Produce a verbatim copy of the data below that contains no pictures.

*** Listed entries ***

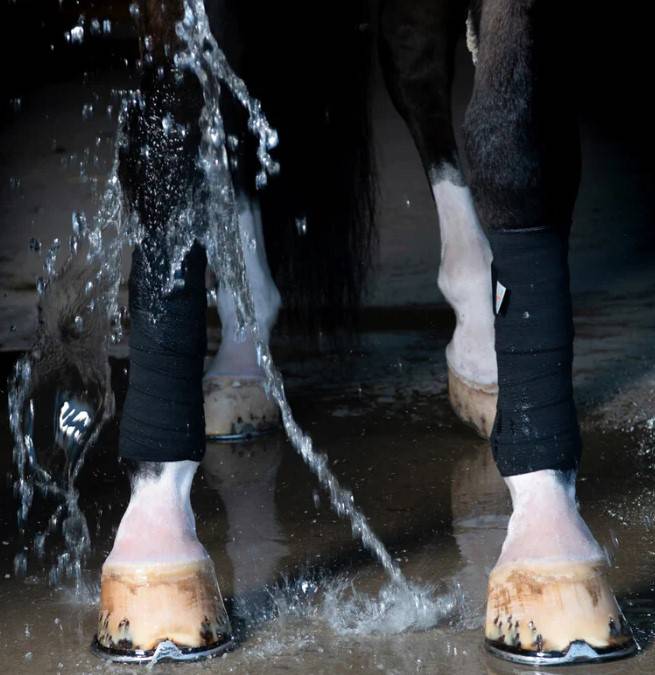 Bandes de travail circulation NOIR - Incrediwear Equine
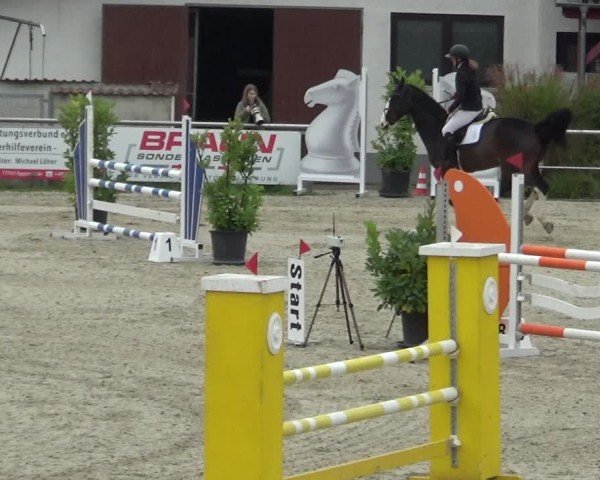 Reitturnier Achern 2024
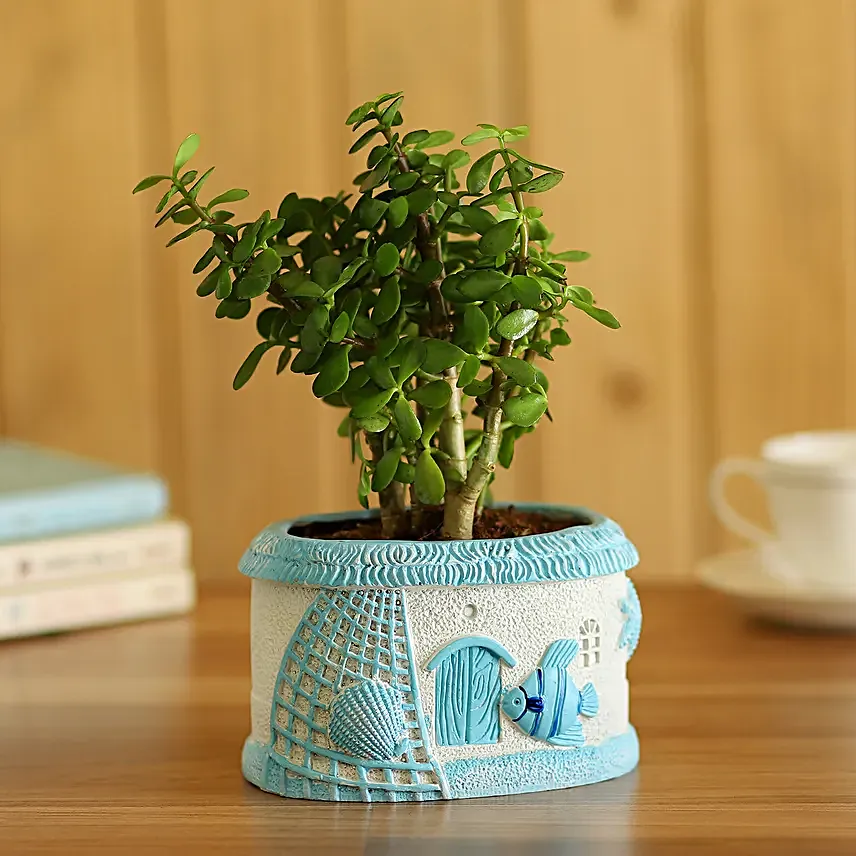 Jade Plant In Fancy Planter
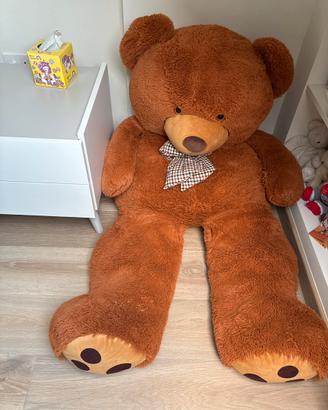 Orso gigante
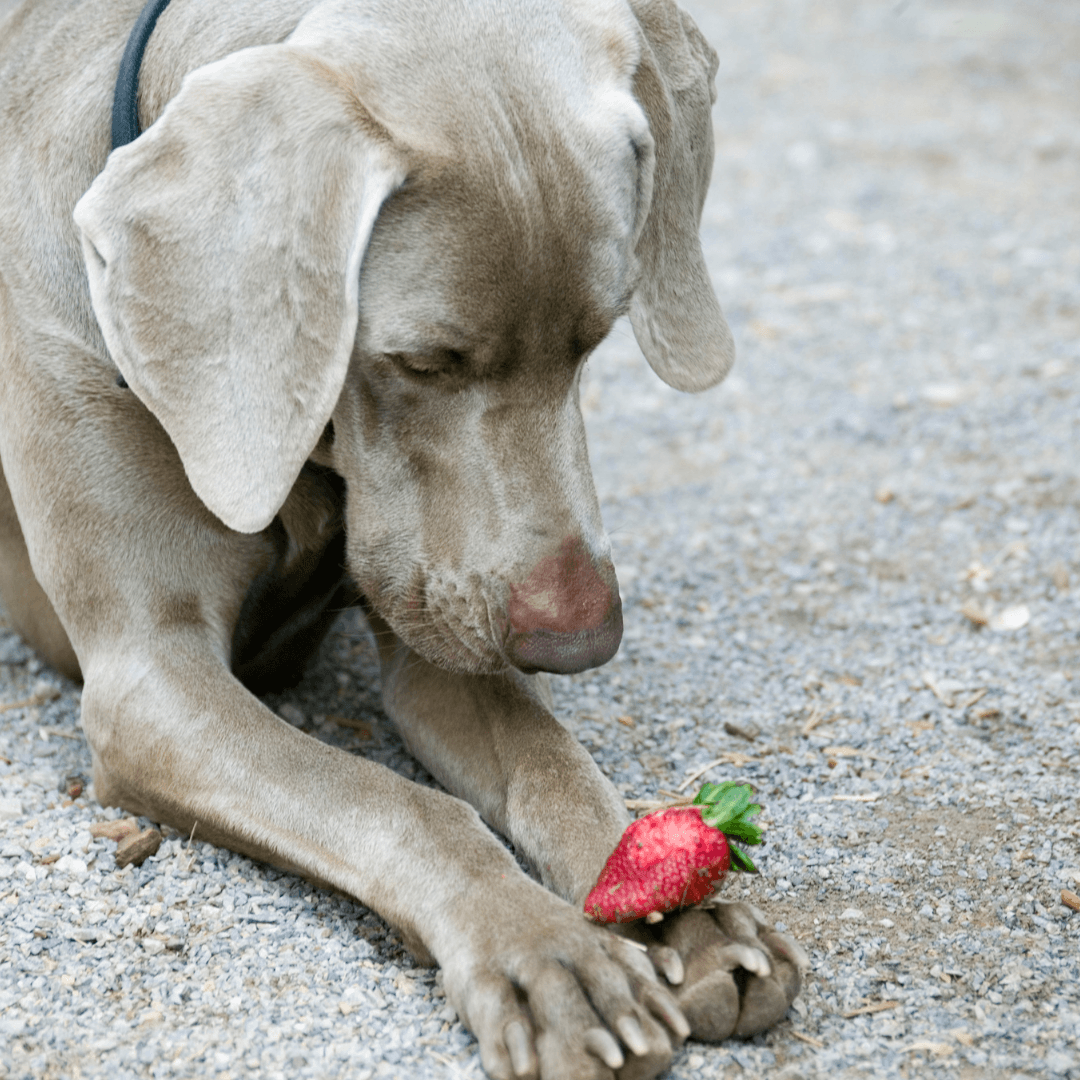 strawberry dog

*** End of Listed entries ***

> [Answer space]
 Bandes de travail circulation NOIR - Incrediwear Equine
 Reitturnier Achern 2024
 Jade Plant In Fancy Planter
 Orso gigante
 strawberry dog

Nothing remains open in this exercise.